Basic operation of a bipolar junction transistor

When electrons flow through a forward-biased diode junction, such as the base-emitter junction of a transistor, it actually takes a non-zero amount of time for them to recombine with holes on the P side and be neutralized.

In an NPN transistor, the P-type base region is constructed so as to be so narrow that most of the electrons actually pass all of the way through it before this recombination occurs. Once they reach the depletion region of the reverse-biased base-collector junction, which has a strong electrical field across it, they are quickly swept away from the base region altogether, creating the collector current.

The total current through the base-emitter junction is controlled by the base-emitter voltage, which is independent of the collector voltage. This is described by the famous Ebers-Moll equation. If the collector is open-circuit, all of this current flows out the base connection. But as long as there's at least a small positive bias on the collector-base junction, most of the current is diverted to the collector and only a small fraction remains to flow out of the base.

In a high-gain transistor, fewer than 1% of the electrons actually recombine in the base region, where they remain as the base-emitter current, which means that the collector current can be 100× or more the base current. This process is optimized through careful control of both the geometry of the three regions and the specific doping levels used in each of them.

As long as the transistor is biased in this mode of operation, a tiny change in base-emitter voltage (and a correspondingly small change in base-emitter current) causes a much larger change in collector-emitter current. Depending on the external impedance connected to the collector, this can also cause a large change in collector voltage. The overall circuit exhibits power gain because the output power (ΔVC × ΔIC) is much greater than the input power (ΔVB × ΔIB). Depending on the specific circuit configuration, this power gain can be realized as either voltage gain, current gain, or a combination of both.

Essentially the same thing happens in a PNP transistor, but now you have to think of the holes (the absence of an electron) as being the carrier of a positive charge that drifts all of the way through the N-type base to the collector.


Read and re-read Dave's excellent answer.

Then mentally reverse what's going on...

You have a forward-biased base-emitter junction, and external circuitry connected to the base demands a current Ib, which is supplied from electrons sourced by the emitter.

But when an electron enters the base region, it encounters a strong electric field pulling it towards the (positive) collector. The majority (a large and quite well defined proportion) of these electrons are lost (from the base current) and emerge as collector current, for the reasons explained so well in Dave's answer. So rather than an efficient amplifier, you could equally well view the transistor as a hopelessly inefficient supplier of base current!

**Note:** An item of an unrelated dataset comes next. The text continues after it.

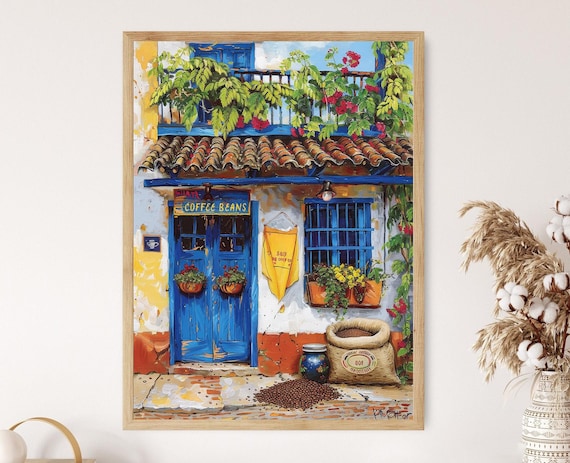 Colombian Coffee Beans, Vibrant Coffee Shop Art Print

From this viewpoint, the base circuit demands Ib and the emitter supplies it. But as a byproduct, a much larger current (Ic = 100Ib) is "lost" to the collector. Which is of course what we really want.

EDIT re: comment: Ultimately (most of, say 99%) the electrons from emitter enter the collector region.

Ultimately the collector current has to be (slightly) smaller than the supply emitter current.

Right to both of these.

What is the purpose?

1) A very small base current controls a large collector current, and the emitter current is the sum of these two.

2) The ratio Ic/Ib (hFE or current gain) is approximately independent of the collector voltage Vce (until Vce is low, say < 1V). This means that for a suitable choice of impedance in the collector circuit, a small change in Ib can result in a large change in Ic and a large change in Vce; this is where voltage gain comes from.

So the usual "common emitter" amplifier has the load in the collector circuit and has both high current gain and high voltage gain.